Today, through the Ten Commandments, God signs a marriage code between himself and Israel. The original appointment to liberate Israel from slavery turns romantic, today God weds Israel, and indeed, every human being. The very first sentence of the marriage code of God and Israel presents the origin of God’s love relationship with Israel – “I, the Lord, am your God, who brought you out of the land of Egypt, that place of slavery” (Ex 20:1). It was Israel that cried out to God and he heard and rescued Israel. The salvafic action of God in the life of Israel catalyzed the desire for a long time commitment between Israel and God. Israel that lived by a different set of rules prior to this new relationship has to learn the language of fidelity and tread the path of obedience to God.

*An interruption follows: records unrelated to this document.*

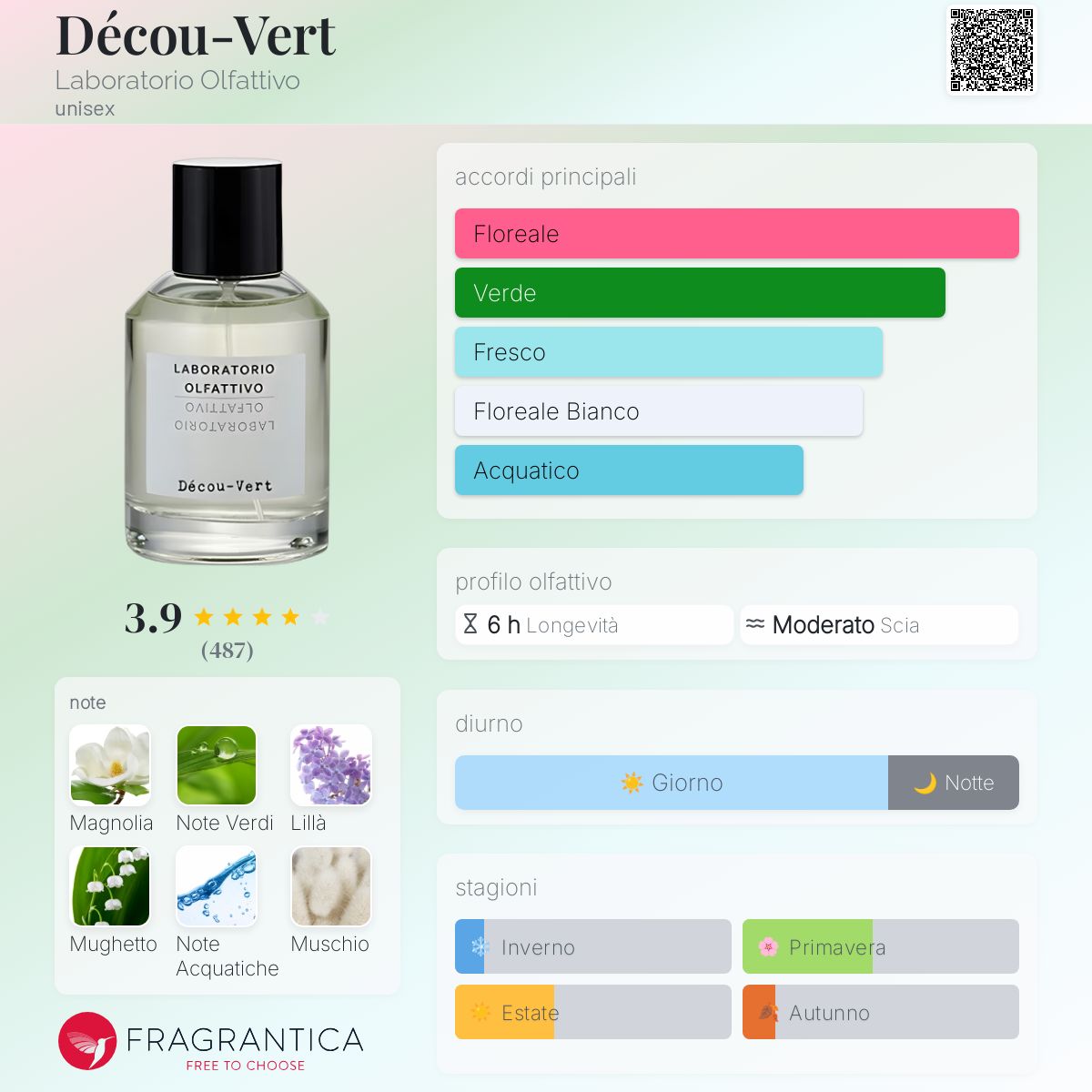 Décou-Vert Laboratorio Olfattivo - una fragranza unisex 2012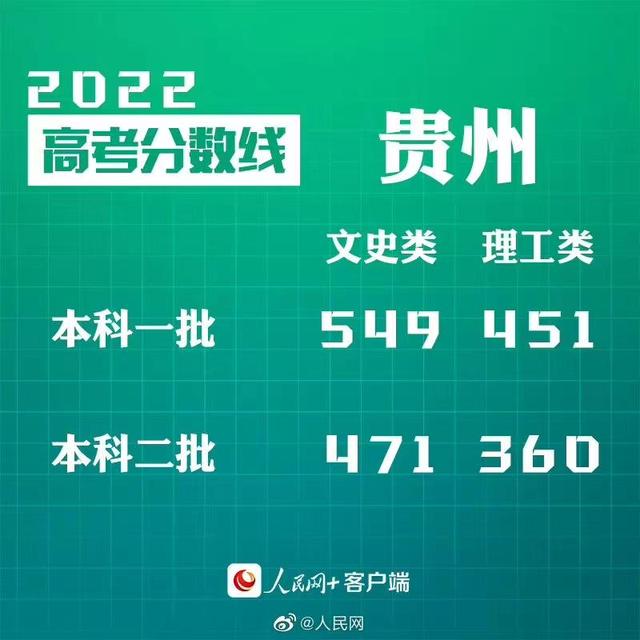匯總來(lái)了！30省份高考分?jǐn)?shù)線公布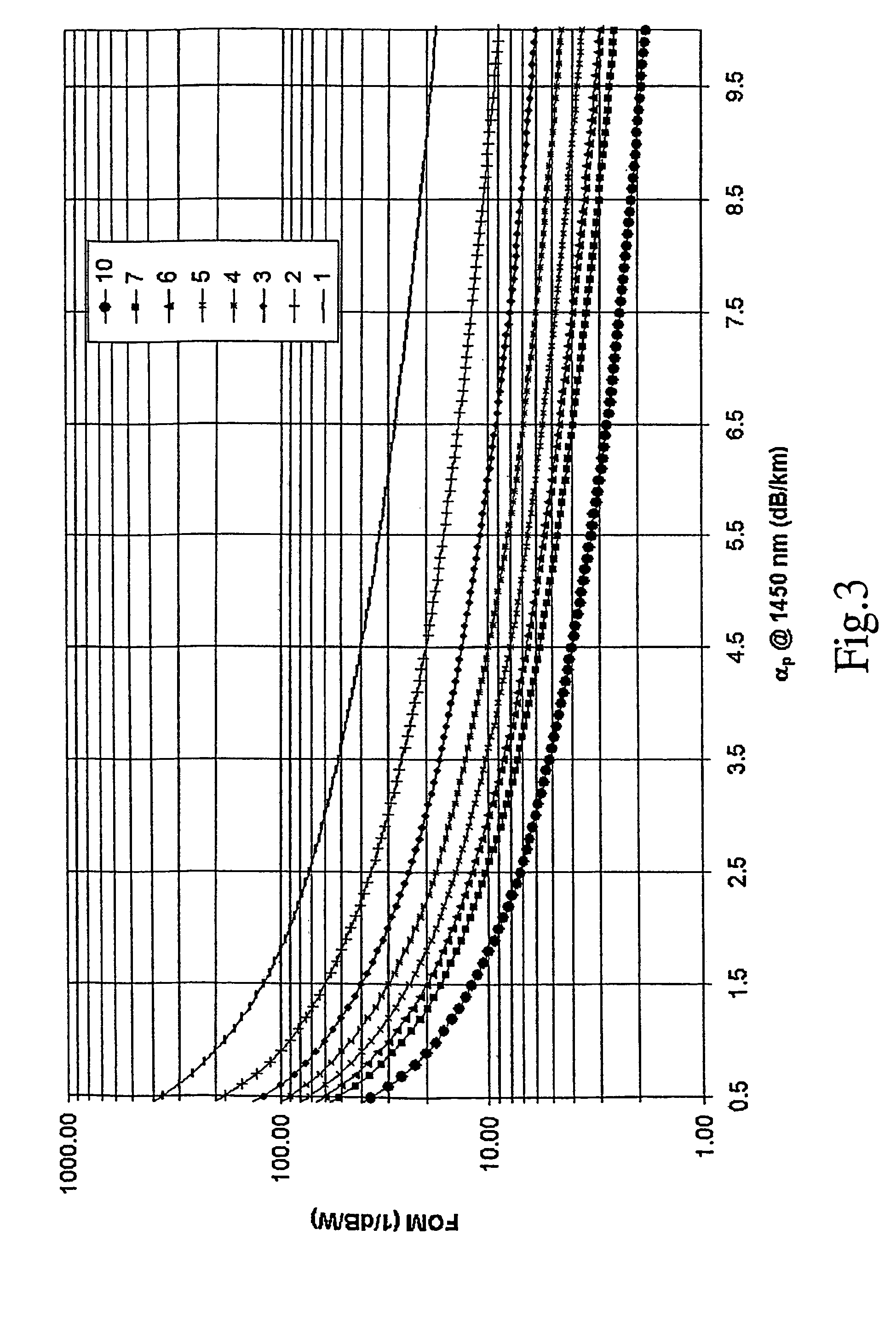 Raman amplification using a microstructured fiber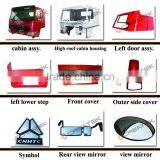 China Createk,liugong Truck Parts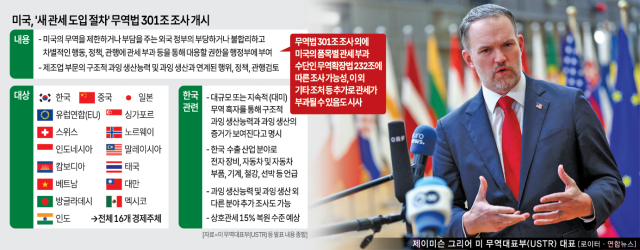 [자료=아주경제DB]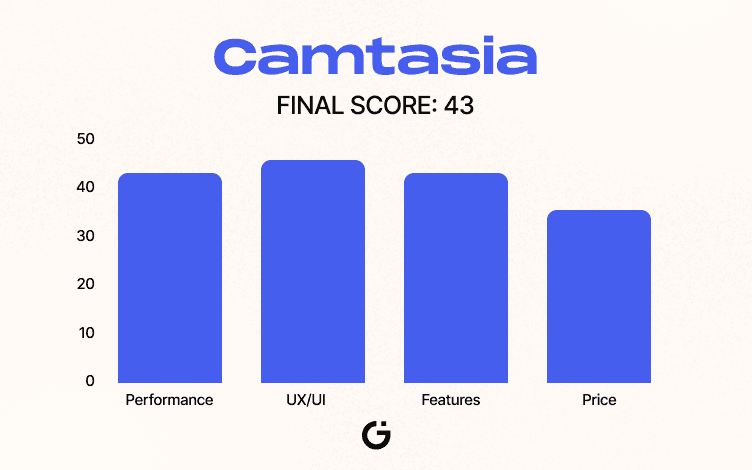 Camtasia Scoreboard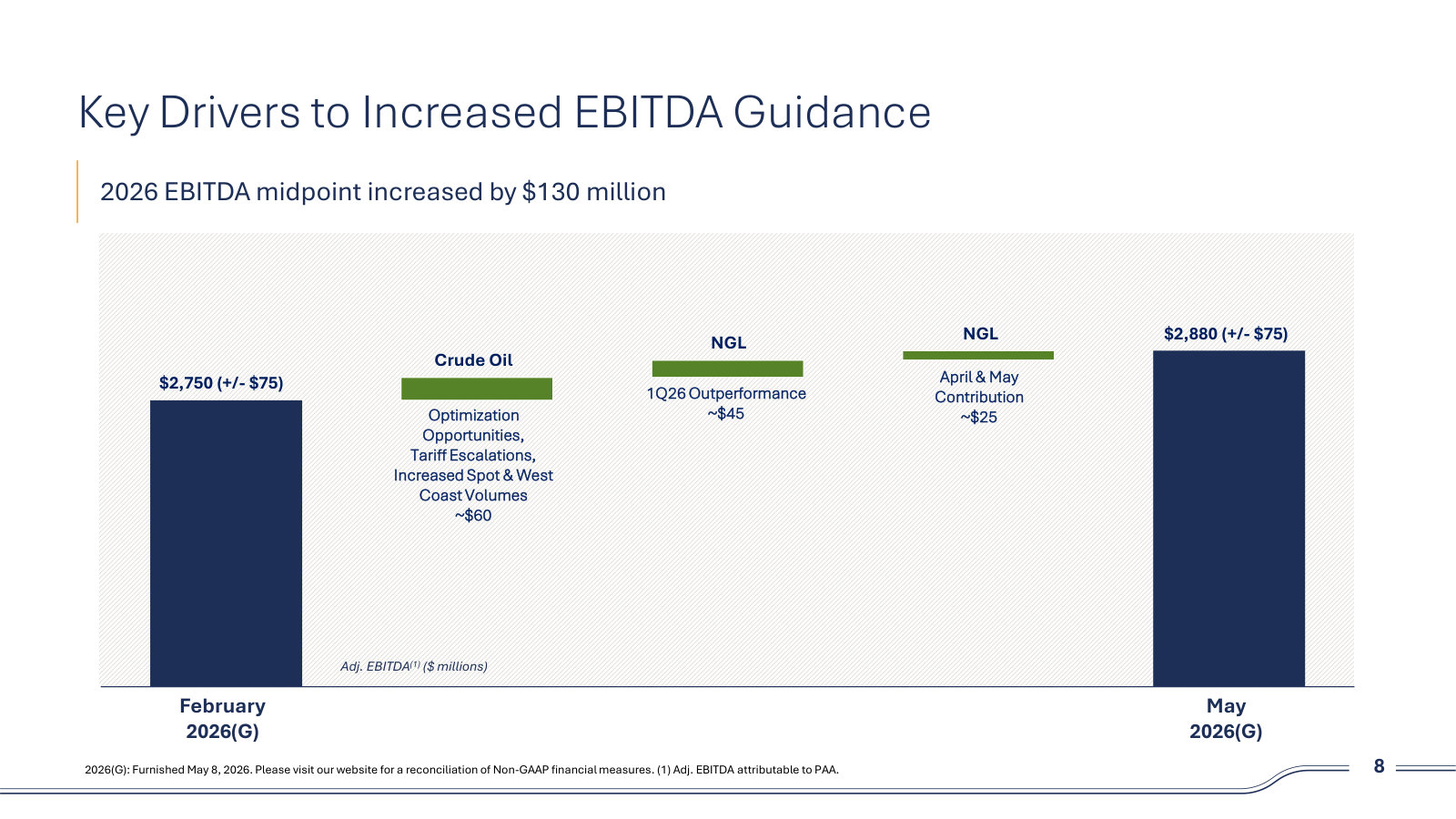 What changed between February and May guidance: $60MM of crude optimization plus $70MM from NGL before the sale closes.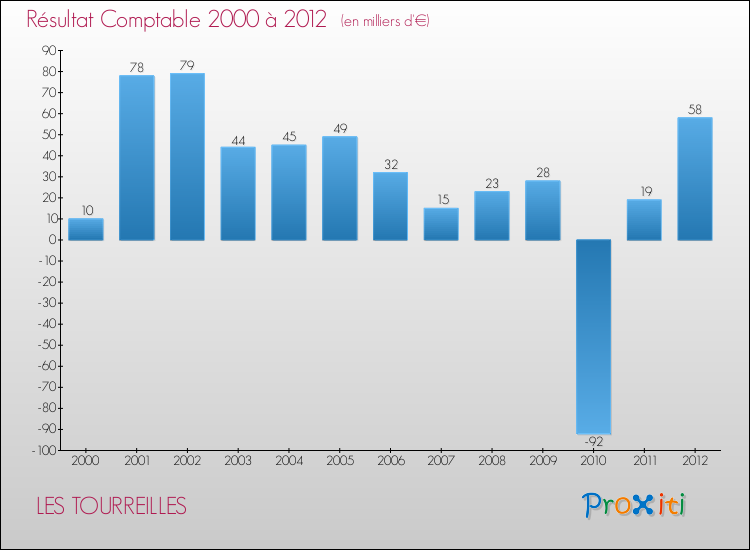Evolution du résultat comptable pour la commune de LES TOURREILLES de 2000 à 2012 Evolution du résultat comptable pour LES TOURREILLES de 2000 à 2012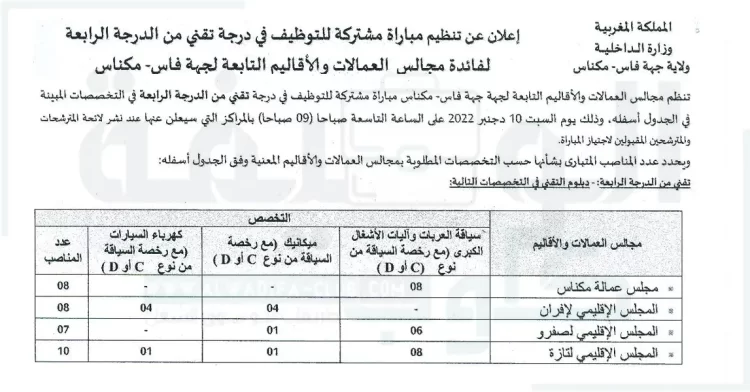 مباريات التوظيف مجالس العمالات والأقاليم التابعة لجهة فاس - مكناس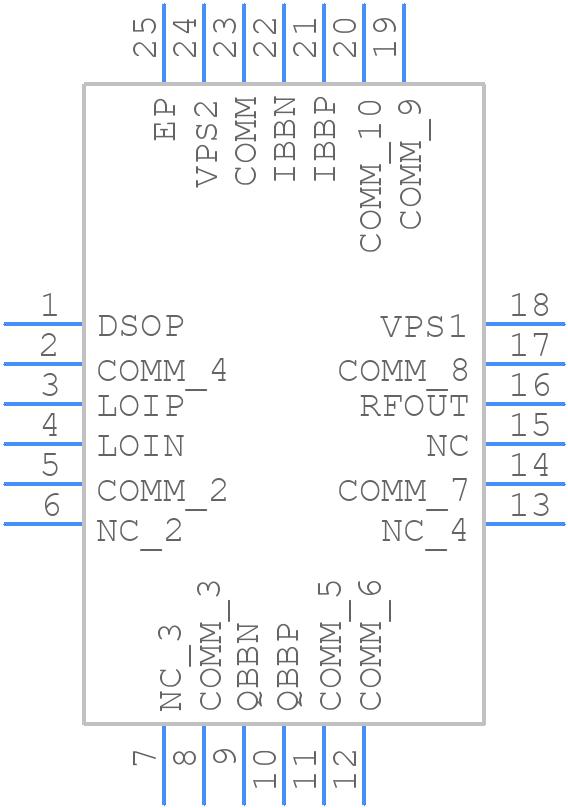ADL5375-05ACPZ-R7 - Analog Devices - PCB symbol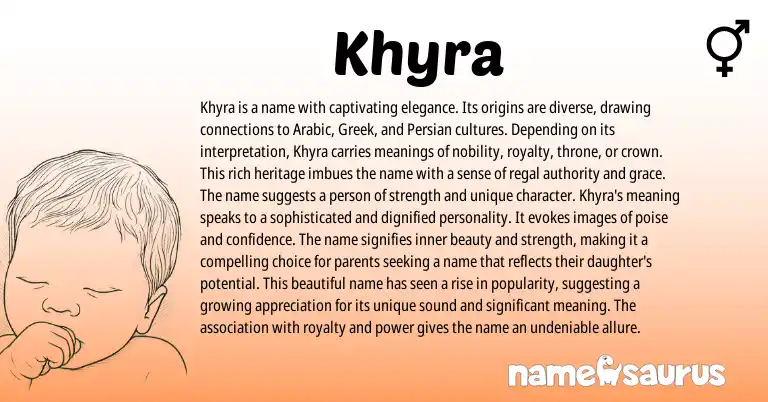 Infographic about Khyra name meaning, Khyra is a name from Indian, Arabic origin(s).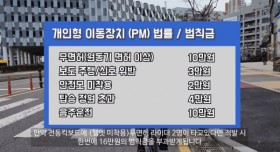 전동킥보드 타고 16만원 범칙금 내는 법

Just like a woman getting ready for her appointments/rendezvous, prior to their rendezvous with God (Ex 19), the Israelites washed themselves clean and abstained from sexual intercourse as signs of holiness and purity. Moses and Aaron went up the mountain of God, and Moses received the Ten Commandments. The first four commandments deal with how human beings are to relate to God, and the other six deal with inter-human relationships. Curious enough, God took the initiative to enter into this relationship with human beings, but there is no human participation to the covenant. God gives the commandments to human beings but there are no requirements or expectations from the side of human beings. No commandment carries a punishment for its infringement, but one commandment (Ex 20:12) carries a blessing – honor your parents.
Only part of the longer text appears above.